Kavanaugh’s expression of determination for the court to consistently engage is notable, as he has sometimes looked for categorical exclusions that might get the Supreme Court out of the business of weeding the garden, and he’s pushed back on the need for the court to make quick decisions on its “shadow docket,” deciding whether to act on stays from lower courts. Barrett may have moved him.
Creating a Supreme Court that reliably acts swiftly, rules certainly on the basis of black letter law and original intent, and constrains itself to judicial review and not policy-making will be a democracy-saving exercise. That’s Barrett’s objective.

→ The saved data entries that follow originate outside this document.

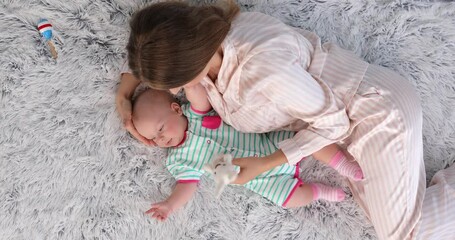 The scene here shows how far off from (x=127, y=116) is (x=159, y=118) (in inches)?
3.9

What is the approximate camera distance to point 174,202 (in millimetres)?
1347

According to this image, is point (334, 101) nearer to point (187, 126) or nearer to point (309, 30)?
point (309, 30)

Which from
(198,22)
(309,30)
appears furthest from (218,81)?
(309,30)

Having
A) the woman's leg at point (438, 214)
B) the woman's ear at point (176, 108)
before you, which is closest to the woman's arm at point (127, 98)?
the woman's ear at point (176, 108)

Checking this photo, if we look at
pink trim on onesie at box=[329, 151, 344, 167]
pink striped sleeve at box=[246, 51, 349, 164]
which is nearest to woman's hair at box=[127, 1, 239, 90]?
pink striped sleeve at box=[246, 51, 349, 164]

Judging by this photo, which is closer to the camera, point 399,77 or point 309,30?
point 399,77

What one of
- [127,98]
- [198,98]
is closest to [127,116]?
[127,98]

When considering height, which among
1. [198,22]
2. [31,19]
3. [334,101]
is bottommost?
[31,19]

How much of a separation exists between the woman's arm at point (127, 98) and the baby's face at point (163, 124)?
3cm

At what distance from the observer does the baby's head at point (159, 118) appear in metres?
1.28

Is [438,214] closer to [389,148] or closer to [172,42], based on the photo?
[389,148]

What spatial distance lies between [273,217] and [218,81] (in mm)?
494

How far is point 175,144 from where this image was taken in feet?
4.43

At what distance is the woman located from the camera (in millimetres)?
970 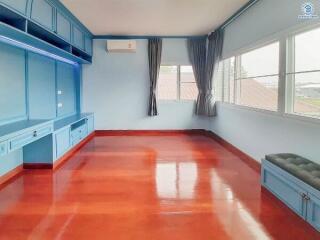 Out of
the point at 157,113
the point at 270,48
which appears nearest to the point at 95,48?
the point at 157,113

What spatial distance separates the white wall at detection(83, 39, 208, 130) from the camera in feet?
24.5

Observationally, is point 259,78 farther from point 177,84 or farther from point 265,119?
point 177,84

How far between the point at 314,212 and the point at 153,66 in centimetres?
558

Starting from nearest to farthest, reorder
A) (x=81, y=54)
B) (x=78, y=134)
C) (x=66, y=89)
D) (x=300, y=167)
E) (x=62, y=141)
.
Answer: (x=300, y=167)
(x=62, y=141)
(x=78, y=134)
(x=66, y=89)
(x=81, y=54)

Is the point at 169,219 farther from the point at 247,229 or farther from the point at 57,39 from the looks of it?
the point at 57,39

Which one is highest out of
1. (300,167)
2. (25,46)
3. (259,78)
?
(25,46)

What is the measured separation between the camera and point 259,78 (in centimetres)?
458

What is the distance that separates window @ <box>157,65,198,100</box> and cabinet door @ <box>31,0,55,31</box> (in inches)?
147

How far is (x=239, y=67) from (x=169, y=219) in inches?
146

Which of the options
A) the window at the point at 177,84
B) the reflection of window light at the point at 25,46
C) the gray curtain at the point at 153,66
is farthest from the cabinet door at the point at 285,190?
the window at the point at 177,84

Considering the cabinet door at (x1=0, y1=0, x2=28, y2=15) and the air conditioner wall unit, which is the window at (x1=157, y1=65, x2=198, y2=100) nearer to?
the air conditioner wall unit

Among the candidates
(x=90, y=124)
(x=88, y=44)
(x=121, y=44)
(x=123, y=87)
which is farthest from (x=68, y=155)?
(x=121, y=44)

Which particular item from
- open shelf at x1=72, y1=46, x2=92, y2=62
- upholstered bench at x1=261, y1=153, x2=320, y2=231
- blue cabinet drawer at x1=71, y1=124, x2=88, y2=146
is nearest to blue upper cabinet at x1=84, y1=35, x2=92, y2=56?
open shelf at x1=72, y1=46, x2=92, y2=62

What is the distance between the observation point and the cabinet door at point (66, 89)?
5750mm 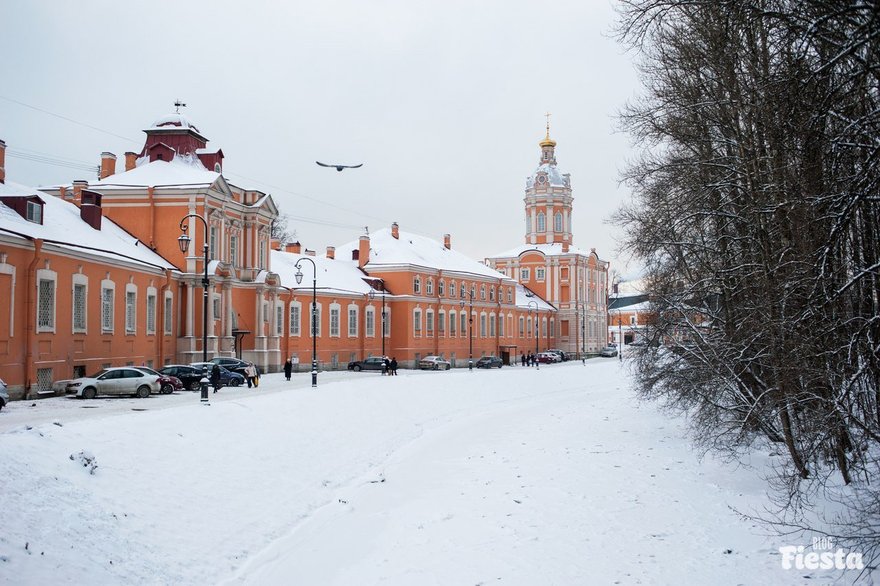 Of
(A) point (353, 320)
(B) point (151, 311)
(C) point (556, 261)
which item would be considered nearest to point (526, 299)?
(C) point (556, 261)

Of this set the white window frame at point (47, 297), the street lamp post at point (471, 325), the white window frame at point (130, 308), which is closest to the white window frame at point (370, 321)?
the street lamp post at point (471, 325)

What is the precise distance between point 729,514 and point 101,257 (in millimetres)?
26716

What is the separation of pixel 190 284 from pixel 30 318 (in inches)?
568

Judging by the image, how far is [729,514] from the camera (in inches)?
551

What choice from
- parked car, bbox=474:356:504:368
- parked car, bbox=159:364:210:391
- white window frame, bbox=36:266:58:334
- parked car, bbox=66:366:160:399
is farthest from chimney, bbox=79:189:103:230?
parked car, bbox=474:356:504:368

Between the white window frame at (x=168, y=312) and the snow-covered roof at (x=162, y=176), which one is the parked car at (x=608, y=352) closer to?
the snow-covered roof at (x=162, y=176)

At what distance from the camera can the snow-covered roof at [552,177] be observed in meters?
90.7

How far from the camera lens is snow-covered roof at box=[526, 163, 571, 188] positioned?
298ft

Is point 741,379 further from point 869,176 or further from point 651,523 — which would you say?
point 869,176

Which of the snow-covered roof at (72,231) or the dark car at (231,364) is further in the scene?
the dark car at (231,364)

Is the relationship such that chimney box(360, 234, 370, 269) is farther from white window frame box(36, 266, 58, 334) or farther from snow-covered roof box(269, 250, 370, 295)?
white window frame box(36, 266, 58, 334)

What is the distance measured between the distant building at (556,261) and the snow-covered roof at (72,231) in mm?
55519

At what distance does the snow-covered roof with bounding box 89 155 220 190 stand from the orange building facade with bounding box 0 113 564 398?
0.37ft

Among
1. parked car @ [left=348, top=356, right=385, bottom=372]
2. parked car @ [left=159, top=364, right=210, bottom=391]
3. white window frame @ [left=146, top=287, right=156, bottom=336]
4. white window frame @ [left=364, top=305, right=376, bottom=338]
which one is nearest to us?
parked car @ [left=159, top=364, right=210, bottom=391] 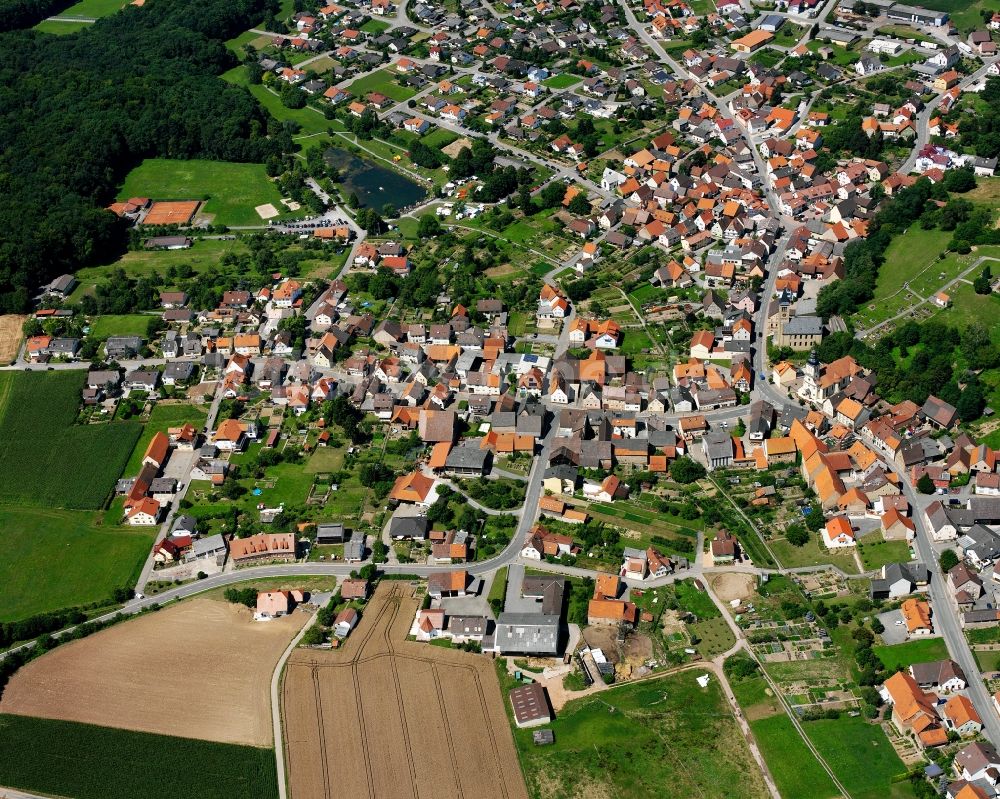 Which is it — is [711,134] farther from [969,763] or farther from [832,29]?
[969,763]

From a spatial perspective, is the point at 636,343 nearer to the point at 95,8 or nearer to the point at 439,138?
the point at 439,138

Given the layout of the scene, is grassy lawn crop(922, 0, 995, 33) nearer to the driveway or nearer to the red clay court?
the red clay court

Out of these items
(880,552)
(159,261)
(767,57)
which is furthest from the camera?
(767,57)

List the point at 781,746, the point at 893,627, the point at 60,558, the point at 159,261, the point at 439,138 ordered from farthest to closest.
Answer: the point at 439,138 → the point at 159,261 → the point at 60,558 → the point at 893,627 → the point at 781,746

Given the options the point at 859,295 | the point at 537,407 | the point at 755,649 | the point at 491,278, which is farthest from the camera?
the point at 491,278

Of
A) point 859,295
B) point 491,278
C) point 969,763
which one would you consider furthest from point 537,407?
point 969,763

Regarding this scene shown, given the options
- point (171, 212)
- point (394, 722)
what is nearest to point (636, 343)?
point (394, 722) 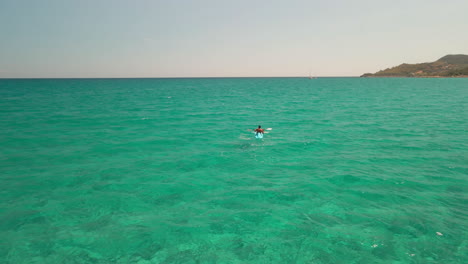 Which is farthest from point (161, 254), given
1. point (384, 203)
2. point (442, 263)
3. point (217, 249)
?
point (384, 203)

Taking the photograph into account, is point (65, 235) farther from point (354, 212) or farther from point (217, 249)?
point (354, 212)

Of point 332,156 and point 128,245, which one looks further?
point 332,156

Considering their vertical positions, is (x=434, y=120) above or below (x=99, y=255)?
above

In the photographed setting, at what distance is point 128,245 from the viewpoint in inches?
409

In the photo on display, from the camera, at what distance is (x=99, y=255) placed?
9.76m

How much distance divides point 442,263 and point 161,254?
36.0ft

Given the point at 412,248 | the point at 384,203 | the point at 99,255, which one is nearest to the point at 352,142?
the point at 384,203

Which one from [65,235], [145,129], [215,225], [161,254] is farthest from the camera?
[145,129]

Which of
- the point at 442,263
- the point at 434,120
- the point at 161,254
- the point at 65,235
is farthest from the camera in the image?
the point at 434,120

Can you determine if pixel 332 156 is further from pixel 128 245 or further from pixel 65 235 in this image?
pixel 65 235

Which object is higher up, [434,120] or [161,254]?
[434,120]

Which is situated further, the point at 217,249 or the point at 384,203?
the point at 384,203

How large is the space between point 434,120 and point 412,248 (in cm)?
3653

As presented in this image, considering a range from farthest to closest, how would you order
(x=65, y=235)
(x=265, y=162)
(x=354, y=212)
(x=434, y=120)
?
(x=434, y=120) → (x=265, y=162) → (x=354, y=212) → (x=65, y=235) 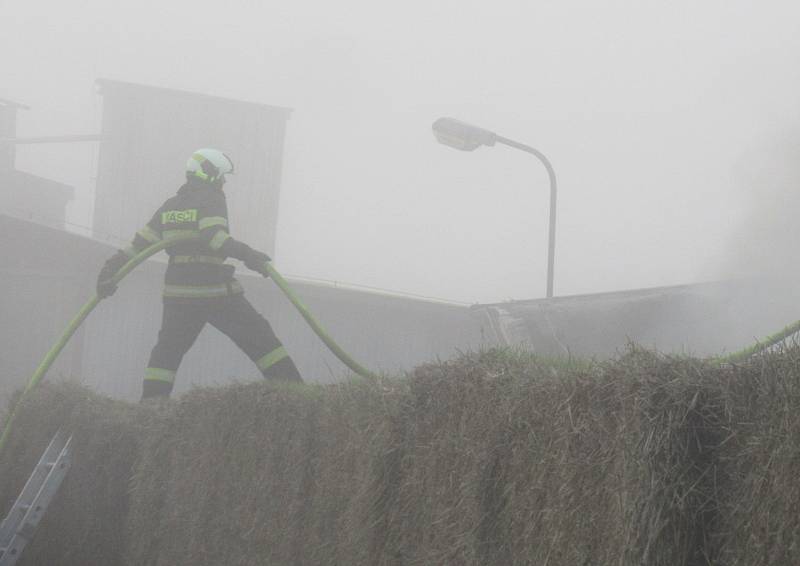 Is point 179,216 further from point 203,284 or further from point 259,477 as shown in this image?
point 259,477

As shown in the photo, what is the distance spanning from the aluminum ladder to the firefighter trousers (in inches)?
55.9

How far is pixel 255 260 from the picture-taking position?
8492 mm

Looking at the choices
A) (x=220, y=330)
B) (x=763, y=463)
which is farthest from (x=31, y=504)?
(x=763, y=463)

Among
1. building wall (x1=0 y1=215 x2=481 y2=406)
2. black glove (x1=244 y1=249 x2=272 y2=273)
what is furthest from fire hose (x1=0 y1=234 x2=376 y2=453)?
building wall (x1=0 y1=215 x2=481 y2=406)

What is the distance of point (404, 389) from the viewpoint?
4484mm

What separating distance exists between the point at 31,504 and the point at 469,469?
12.1 feet

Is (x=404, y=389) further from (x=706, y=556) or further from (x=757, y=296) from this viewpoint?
(x=757, y=296)

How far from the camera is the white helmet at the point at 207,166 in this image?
8.62m

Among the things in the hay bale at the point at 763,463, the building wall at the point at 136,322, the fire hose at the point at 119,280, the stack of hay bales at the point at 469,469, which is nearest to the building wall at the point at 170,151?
the building wall at the point at 136,322

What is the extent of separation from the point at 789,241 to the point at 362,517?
9.20m

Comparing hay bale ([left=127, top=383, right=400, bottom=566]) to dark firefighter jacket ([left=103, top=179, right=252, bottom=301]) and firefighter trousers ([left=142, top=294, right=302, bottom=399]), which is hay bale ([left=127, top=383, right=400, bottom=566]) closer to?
firefighter trousers ([left=142, top=294, right=302, bottom=399])

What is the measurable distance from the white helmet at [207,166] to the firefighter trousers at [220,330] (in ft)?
2.86

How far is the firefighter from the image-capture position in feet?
28.0

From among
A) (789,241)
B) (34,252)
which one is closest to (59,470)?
(789,241) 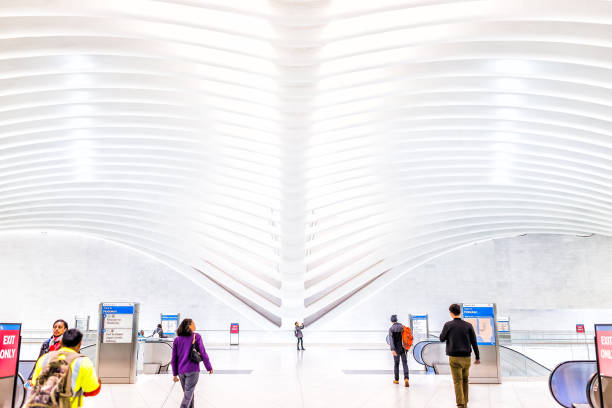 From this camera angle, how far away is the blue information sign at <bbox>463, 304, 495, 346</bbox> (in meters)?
10.8

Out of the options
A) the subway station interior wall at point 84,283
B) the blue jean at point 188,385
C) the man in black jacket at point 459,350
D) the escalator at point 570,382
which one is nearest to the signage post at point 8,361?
the blue jean at point 188,385

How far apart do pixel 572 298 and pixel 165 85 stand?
28406 millimetres

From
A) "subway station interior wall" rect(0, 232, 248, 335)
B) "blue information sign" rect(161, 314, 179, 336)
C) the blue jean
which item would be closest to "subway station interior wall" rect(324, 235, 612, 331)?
"subway station interior wall" rect(0, 232, 248, 335)

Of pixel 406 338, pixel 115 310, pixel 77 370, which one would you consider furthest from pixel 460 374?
pixel 115 310

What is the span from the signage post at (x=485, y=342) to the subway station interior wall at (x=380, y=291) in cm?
1940

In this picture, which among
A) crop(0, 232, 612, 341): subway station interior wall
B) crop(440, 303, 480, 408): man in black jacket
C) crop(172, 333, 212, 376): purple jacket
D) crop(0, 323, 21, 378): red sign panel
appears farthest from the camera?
crop(0, 232, 612, 341): subway station interior wall

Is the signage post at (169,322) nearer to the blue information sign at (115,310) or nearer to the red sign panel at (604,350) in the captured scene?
the blue information sign at (115,310)

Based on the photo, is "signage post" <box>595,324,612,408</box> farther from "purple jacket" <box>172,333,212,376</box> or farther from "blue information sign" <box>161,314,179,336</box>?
"blue information sign" <box>161,314,179,336</box>

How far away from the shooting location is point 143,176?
20.3 meters

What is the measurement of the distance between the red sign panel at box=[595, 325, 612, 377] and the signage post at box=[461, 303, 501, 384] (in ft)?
17.7

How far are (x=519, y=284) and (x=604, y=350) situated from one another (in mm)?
28166

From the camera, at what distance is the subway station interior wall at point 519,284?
30688 millimetres

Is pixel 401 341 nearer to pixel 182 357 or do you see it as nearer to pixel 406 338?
pixel 406 338

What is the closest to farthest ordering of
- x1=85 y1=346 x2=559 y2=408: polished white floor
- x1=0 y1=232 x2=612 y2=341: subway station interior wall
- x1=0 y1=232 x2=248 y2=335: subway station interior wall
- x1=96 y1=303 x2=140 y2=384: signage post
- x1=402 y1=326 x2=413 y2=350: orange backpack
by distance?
1. x1=85 y1=346 x2=559 y2=408: polished white floor
2. x1=402 y1=326 x2=413 y2=350: orange backpack
3. x1=96 y1=303 x2=140 y2=384: signage post
4. x1=0 y1=232 x2=248 y2=335: subway station interior wall
5. x1=0 y1=232 x2=612 y2=341: subway station interior wall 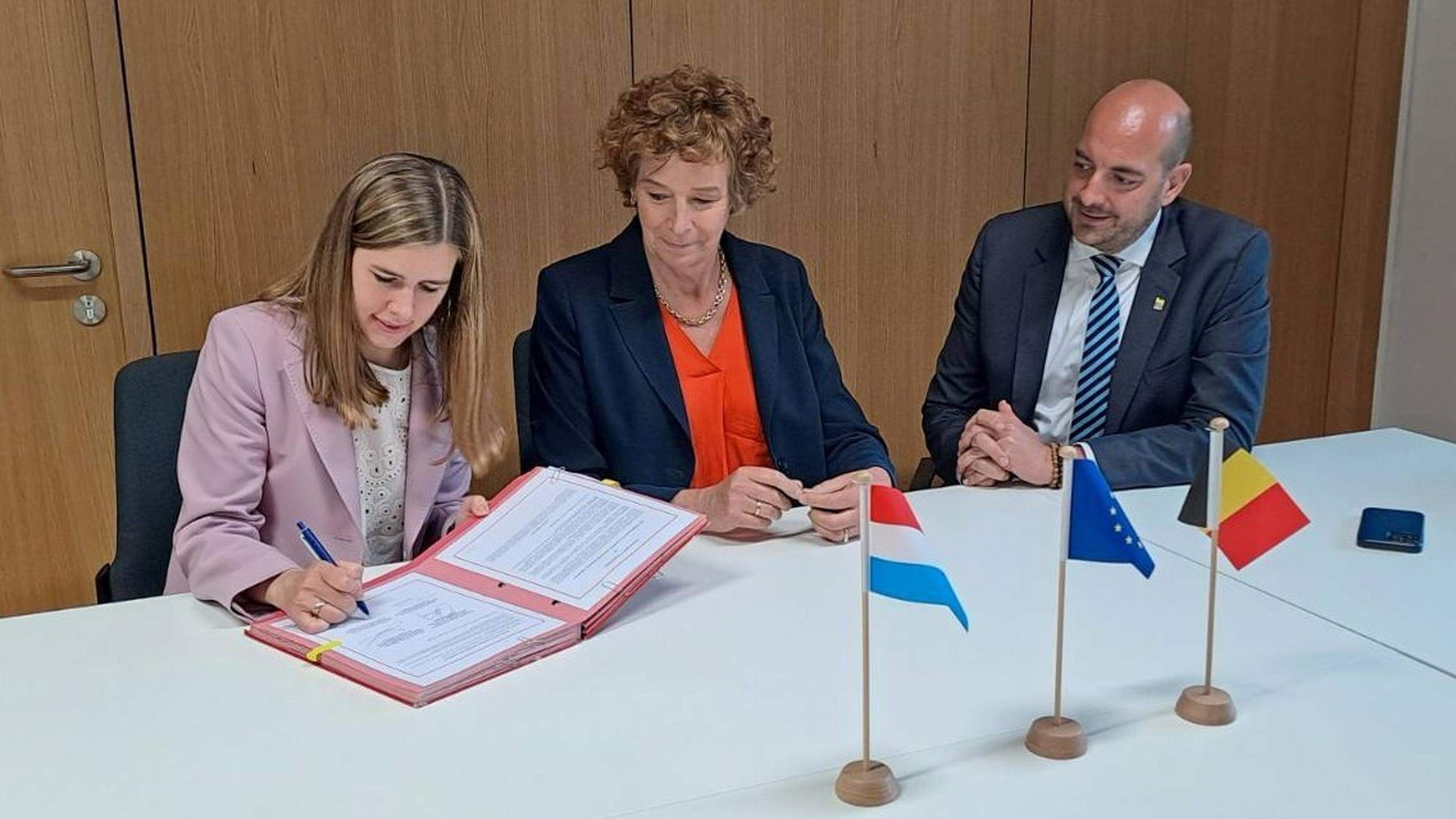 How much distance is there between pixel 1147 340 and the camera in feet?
7.43

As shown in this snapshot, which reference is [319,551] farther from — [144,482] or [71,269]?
[71,269]

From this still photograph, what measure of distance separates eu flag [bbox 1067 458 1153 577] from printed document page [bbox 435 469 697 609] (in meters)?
0.55

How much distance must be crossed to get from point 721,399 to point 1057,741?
1.06 metres

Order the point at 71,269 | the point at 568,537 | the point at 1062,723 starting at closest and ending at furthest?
1. the point at 1062,723
2. the point at 568,537
3. the point at 71,269

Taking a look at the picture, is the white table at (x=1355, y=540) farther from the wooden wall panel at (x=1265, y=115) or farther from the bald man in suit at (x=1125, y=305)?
the wooden wall panel at (x=1265, y=115)

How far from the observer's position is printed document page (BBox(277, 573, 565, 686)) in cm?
138

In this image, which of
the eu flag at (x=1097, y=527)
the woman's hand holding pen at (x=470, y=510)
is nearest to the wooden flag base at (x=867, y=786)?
the eu flag at (x=1097, y=527)

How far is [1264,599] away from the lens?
1604 mm

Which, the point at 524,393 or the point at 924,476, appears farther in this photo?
the point at 924,476

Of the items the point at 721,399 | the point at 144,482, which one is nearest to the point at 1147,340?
the point at 721,399

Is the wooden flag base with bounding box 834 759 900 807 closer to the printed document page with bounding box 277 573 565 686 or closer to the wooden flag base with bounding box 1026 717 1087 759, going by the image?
the wooden flag base with bounding box 1026 717 1087 759

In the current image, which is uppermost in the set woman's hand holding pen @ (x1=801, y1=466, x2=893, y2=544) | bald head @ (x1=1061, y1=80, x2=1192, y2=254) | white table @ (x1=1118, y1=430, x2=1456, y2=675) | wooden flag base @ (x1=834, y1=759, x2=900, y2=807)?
bald head @ (x1=1061, y1=80, x2=1192, y2=254)

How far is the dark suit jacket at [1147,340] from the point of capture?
218cm

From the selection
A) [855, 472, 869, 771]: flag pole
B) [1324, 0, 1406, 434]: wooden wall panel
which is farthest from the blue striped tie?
[1324, 0, 1406, 434]: wooden wall panel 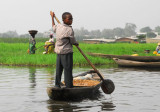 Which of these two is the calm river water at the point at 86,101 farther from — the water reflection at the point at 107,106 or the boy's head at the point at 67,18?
the boy's head at the point at 67,18

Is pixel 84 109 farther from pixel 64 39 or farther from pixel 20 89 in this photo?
pixel 20 89

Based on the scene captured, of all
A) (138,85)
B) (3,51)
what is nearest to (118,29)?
(3,51)

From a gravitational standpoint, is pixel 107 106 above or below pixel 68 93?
below

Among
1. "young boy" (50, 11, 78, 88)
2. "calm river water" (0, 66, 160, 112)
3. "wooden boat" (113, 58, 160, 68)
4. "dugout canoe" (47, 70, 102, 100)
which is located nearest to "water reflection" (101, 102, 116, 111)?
"calm river water" (0, 66, 160, 112)

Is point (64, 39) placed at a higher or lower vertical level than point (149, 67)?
higher

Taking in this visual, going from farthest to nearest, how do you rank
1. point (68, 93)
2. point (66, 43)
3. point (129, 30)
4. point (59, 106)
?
point (129, 30) → point (66, 43) → point (68, 93) → point (59, 106)

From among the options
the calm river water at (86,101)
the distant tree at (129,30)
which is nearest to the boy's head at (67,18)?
the calm river water at (86,101)

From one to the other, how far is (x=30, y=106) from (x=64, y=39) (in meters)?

Our polarized country has a legislative branch now lashed to small and volatile majorities. Our term-limited executives are now consistently chosen within predictably tight ranges. Party control of government now flips regularly but narrowly. The voting public is checking its own government at the ballot box. That’s grimy democracy, but democracy still. Anonymous junior judges in unknown courtrooms wielding blanket monopoly power threaten that ugly balance.
Regardless of what else she does in the next thirty years – and actuarial tables tell us Amy Coney Barrett of New Orleans, Rhodes College and the Notre Dame School of Law, has that much more time on the bench if she wants it – we should thank her already for saving democracy from its most obscure appendages.